Hafner laughed at the proposition. Then the self-deprecating slugger joked, "It can't be any health or beauty products. That's for sure."

Caution is key: The Indians are being cautious with the return of second baseman Ronnie Belliard, who remains day to day.

Belliard was out of the lineup again Sunday, sitting with a mild strain of his right calf. Belliard suffered the injury in the middle of the seventh inning Friday, as he was jogging off the field.

Manager Eric Wedge speculated the injury occurred as a result of the cold Cleveland weather.

Ramon Vazquez, the club's utility infielder, was once again in the starting lineup in Belliard's place.
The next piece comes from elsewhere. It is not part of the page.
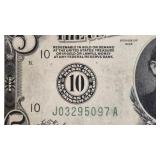 1928 $5 KANSAS CITY #10 FEDERAL RESERVE NOTE (VF)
Here's the question: In 1999, the Indians were the bearers of the most lopsided defeat in postseason history. Who defeated the Tribe in that game and what was the final score? (See answer below)

On the mend: First baseman Michael Aubrey, who's recovering from a rib-cage injury, remains in Winter Haven, Fla., and likely won't be moving north until late this month or in early May, farm director John Farrell said.    

"Our goal is to get him to the point of three to four days a week in extended Spring Training before we can get him out," Farrell said.  

The 23-year-old Aubrey, the Tribe's No. 1 pick in the 2003 First-Year Player Draft, will report to Class A Kinston once he's fit enough to play every day.

Did you know?: The Indians began the 2002 season with a 5-1 record.  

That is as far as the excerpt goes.